The objective is not to assess legality, morality, or policy wisdom, but to determine whether a clear, pre-established responsibility chain exists before, during, and after the event — or whether accountability becomes fragmented, disputed, or retroactively reassigned.


Core Experimental Question

When a government entity requests or compels access to an individual’s data held by a private organization, is responsibility for each decision and action explicitly assigned and accepted — or does accountability dissolve across government authority, corporate compliance, individual rights, and oversight?


Minimal Scenario

Situation: A government agency issues a data access request or subpoena to a private organization regarding an individual’s data.

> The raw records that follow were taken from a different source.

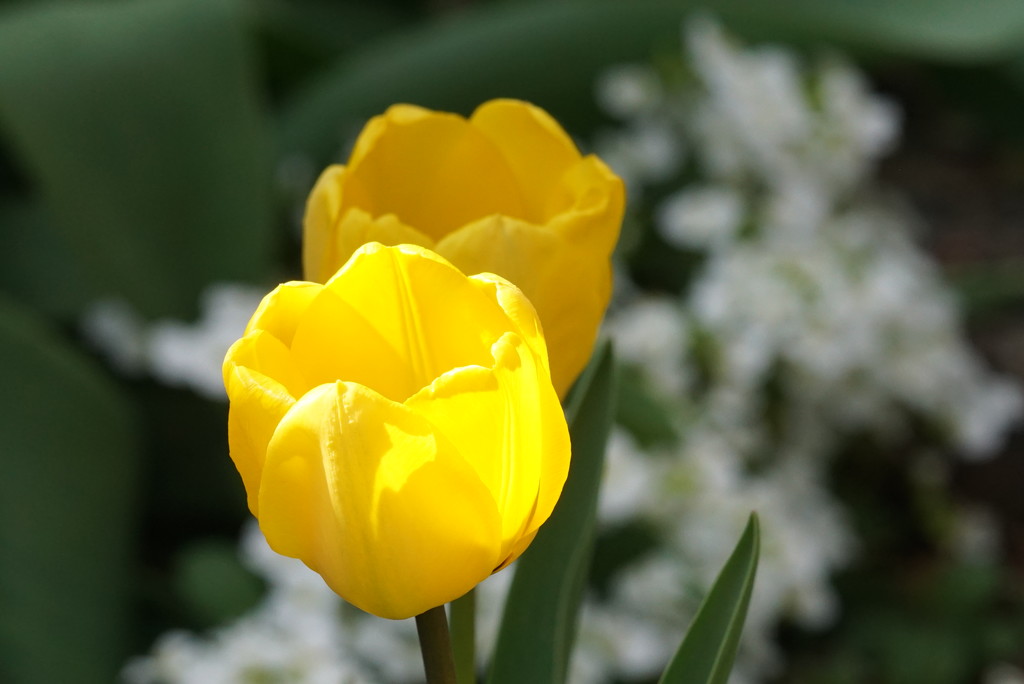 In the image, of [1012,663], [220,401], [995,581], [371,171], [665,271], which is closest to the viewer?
[371,171]

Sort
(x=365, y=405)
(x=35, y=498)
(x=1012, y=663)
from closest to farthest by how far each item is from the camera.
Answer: (x=365, y=405) → (x=35, y=498) → (x=1012, y=663)

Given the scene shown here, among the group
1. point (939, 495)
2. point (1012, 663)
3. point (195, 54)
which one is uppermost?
point (195, 54)

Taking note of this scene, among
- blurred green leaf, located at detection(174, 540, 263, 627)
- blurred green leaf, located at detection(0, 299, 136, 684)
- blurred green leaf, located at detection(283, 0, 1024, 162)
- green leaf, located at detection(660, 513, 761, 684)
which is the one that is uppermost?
green leaf, located at detection(660, 513, 761, 684)

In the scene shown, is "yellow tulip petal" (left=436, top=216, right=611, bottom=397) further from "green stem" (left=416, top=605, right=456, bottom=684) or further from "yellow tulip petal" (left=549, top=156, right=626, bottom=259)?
"green stem" (left=416, top=605, right=456, bottom=684)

Outcome: Data is accessed, disclosed, limited, or declined.

Constraints:

  • Request cites statutory or judicial authority
  • Data custodian must decide whether and how to comply
  • Individual may or may not be notified or able to contest
  • Oversight or review may occur before, during, or after the event

Explicit Parties with Plausible Responsibility Claims

  • Government Agency: Requestor or enforcer asserting legal authority.
  • Data Custodian: Company or institution holding and releasing or denying access to the data.
  • Individual / Data Subject: Person whose data is requested and potentially disclosed.
  • Oversight / Review Body: Court, regulator, or internal review mechanism, if present.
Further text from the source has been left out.